Sur les pulls de Béatrice et Jérôme était inscrit « Oui au RIC, je dis oui au référendum d’initiative populaire ». 135 € d’amende.
Ces deux dangereux terroristes regagnaient le métro place de l’Étoile lorsque des policiers ont réussi à les intercepter et ainsi sanctionner cette revendication ambulante. « On a même proposé d’enlever notre pull, mais ils ont refusé », précise Béatrice. En avril, ne te découvre pas d’un fil. Fin mars, non plus. Les températures sont encore assez basses, la place de l’Étoile pleine de courants d’air. Les forces de l’ordre ne pouvaient prendre le risque de voir des gilets jaunes venus de l’Orne attraper un mauvais rhume.
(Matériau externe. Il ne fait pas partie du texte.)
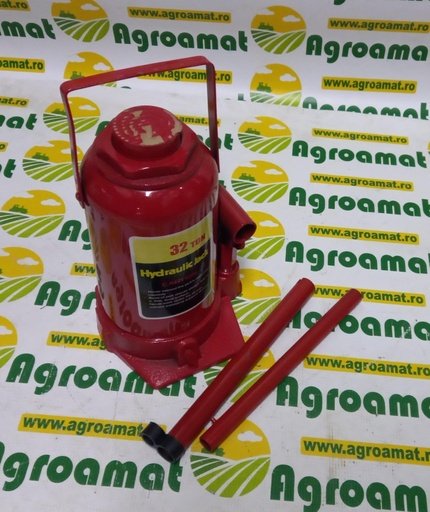 [AMAT1-46249] Cric Hidraulic 32 Tone 255 mm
Condamnés à persister dans leur promotion du RIC, le couple s’est vu expliquer qu’il se trouvait dans une zone interdite à toute manifestation. À l’image des dizaines de personnes verbalisées lors de la Manif pour tous pour avoir porté un sweat-shirt avec le symbole de la famille, le vêtement se voit donc assimilé à une pancarte ou banderole revendicative. Dans ce cadre, que porter ? Un tee-shirt « Che Guevara » est-il un signe ostentatoire de rébellion sur la voie publique ? Un début d’émeute ? Un pantalon rouge ? Un bleu ? Un slip kangourou n’est-il pas la preuve d’un soutien sans réserve à la politique australienne ?
Lors du passage en caisse dans une supérette, la préposée chargée de comptabiliser mes achats portait un sweat-shirt sur lequel figurait le portrait de Karl Marx. Tétanisé par cet embryon de manifestation, je m’en fus signaler le cas au commissariat le plus proche. Le risque d’attentat à coup de pots de NutellaⓇ était trop grand.
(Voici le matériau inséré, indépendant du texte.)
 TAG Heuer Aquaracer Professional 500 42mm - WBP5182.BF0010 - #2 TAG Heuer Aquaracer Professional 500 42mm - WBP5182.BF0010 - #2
Au micro de France Info, l’un des deux contrevenants de la place de l’Étoile s’insurge : On n’a plus le droit de s’exprimer, en France. » Si, on a le droit. Il suffit de porter le pull sur l’envers. De garder pour soi son message. Sur la doublure ou dans les poches.
Après inventaire de tous les accessoires vestimentaires, il apparaît que seul le voile islamique ne présente aucun risque de s’attirer les foudres policières. Bien au contraire. La djellaba aux couleurs du RIC placera, également, le manifestant hors d’atteinte des emballements répressifs. La crainte de se voir qualifié de raciste verra le CRS reculer, ouvrir peut-être les portes des boutiques de luxe. L’absence quasi totale de citoyens musulmans parmi les gilets jaunes laisse la place à une nouvelle forme de contestation. Les Black Blocs en burqua noire rivaliseraient, alors, avec les gilets jaunes déguisés en femmes voilées jusqu’aux oreilles. Un Grand Remplacement pour une fois très mal perçu par le pouvoir en place.